Tim: Pokémon is a super weird franchise to me. It stopped impressing me after I saw Castelia City in all of its breathtaking glory for the first time, and yet I’ll always pick it up entry-after-entry, no questions asked. It’s Pokémon! However, I was really hoping the series would take a true generational leap when it arrived on the Switch. It didn’t. ‘The Wild Area’ is as close as we’re getting to anything like that — unless the game has a few more tricks up its sleeve?
Wei Song: I’m an old guard, I stopped playing Pokémon after Gold/Silver. However, Pokémon is a cultural identity now and for all the complaints, people are going to lap it up.
Further reading: Nintendo Treehouse: Live shows off more Sword and Shield
Kenneth: Apart from making Ikumi Nakamura an overnight Internet sweetheart, the GhostWire: Tokyo presentation also gave us an unorthodox and rather cryptic glimpse into the game. What gives, Bethesda?

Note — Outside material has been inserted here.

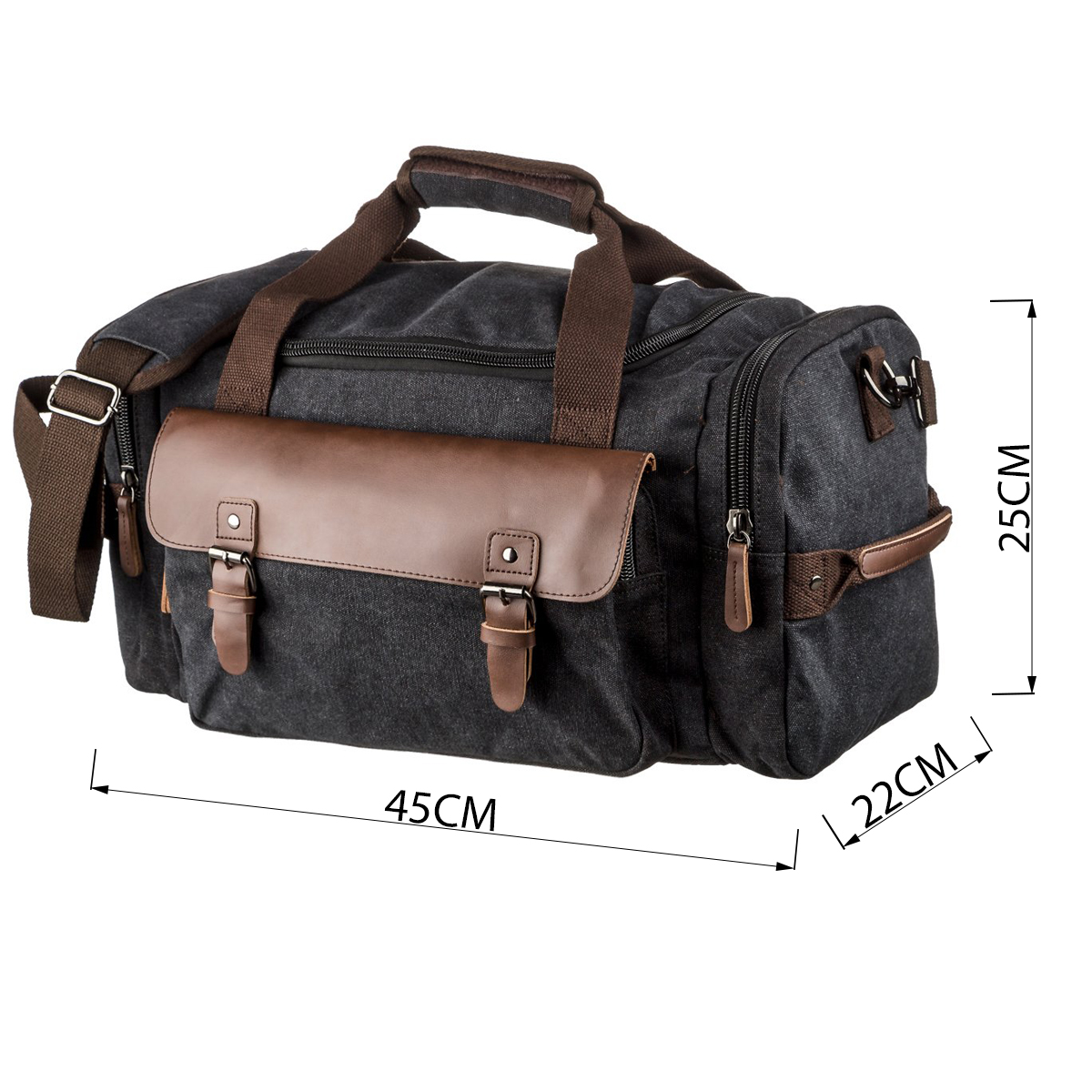 Дорожня сумка текстильна з кишенею Vintage Чорна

Ade: I’ll just echo what has already been said: Ikumi Nakamura brought a measure of authentic enthusiasm to what is normally a dry carousel of executives praising their games and/or platforms. We may not have seen any shred of gameplay for GhostWire, but the gorgeous cinematic speaks plenty about the visual treatment promised by this concept-artist-turned-director.
Tim: Evil Within and its sequel were such fantastic horror games in their own right, so I expect GhostWire: Tokyo to bring a similarly unique twist to the horror genre. From its description, we’ll be doing a lot less fighting, than uncovering conspiracies and seeking out the truth. It sounds really fresh and interesting, and I expect no less from Tango Gameworks. Here’s hoping for more gameplay soon!
Tim: The Doomguy is back, ripping and tearing until it is done. From the (amazing) gameplay we’ve seen thus far, our beloved Marine is getting a whole bunch of upgrades in this sequel — from a grappling meathook to a flamethrower sitting on his shoulder. Id Software teased tons of new exotic locations in the story, including but possibly not limited to earth, hell and heaven itself. I can’t tell which I’m more excited for: the game itself, or the amazing soundtrack by Mick Gordon that will surely accompany it.
Ade: What I love about the new Doom is its ability to bridge old-school FPS gameplay with modern technical expectations, and they do it so bleeding well! And now we’re getting a meathook and a flamethrower? Where do I sign up?
Destroy All Humans!
Tim: “Ich will” Cryptosporidium-137 says, flying in his spaceship. “Ich will,” he says, picking up a cow and throwing it at an innocent barbecuer. “Ich will,” he says, jetpacking into our lives once again, after so long. Destroy All Humans is like GTA with aliens, mixed with a whole bunch of crass parody. It was everything to a much younger me, and it’s just the best feeling to know this series is coming back with a graphical facelift.
Ade: Some buried franchises you don’t expect a remake. FF7? Yeah it’s mind-boggling, but fans have been asking for years. Destroy All Humans? I think you’d only see those requests buried deep inside forums and publisher inboxes. Not that I mind, though, because I welcome our new alien overlords with wide, open arms. The game was great on PS2; I’d expect it to be just as fun for PS4.
Best of E3 2019: Games
Winner — Cyberpunk 2077
The GAX team is excited for a wide variety of games coming out of E3, but what we’re all most enthused about, unanimously, shouldn’t come as a surprise. The reasons were many: a love of the genre and the close involvement of its source material’s creator; the general confidence and goodwill towards developers CD Projekt RED; or simply the showmanship of their presentation (for what is E3 but a massive stage and lights)? Of course, all the coverage of its new closed-door demo helped, too.
Having said that, there were plenty of other announcements and updates that were near and dear to our individual hearts. Their inclusion in the above list should serve as an initial list, and we can’t wait to get our hands on them to see if they live up to the promise.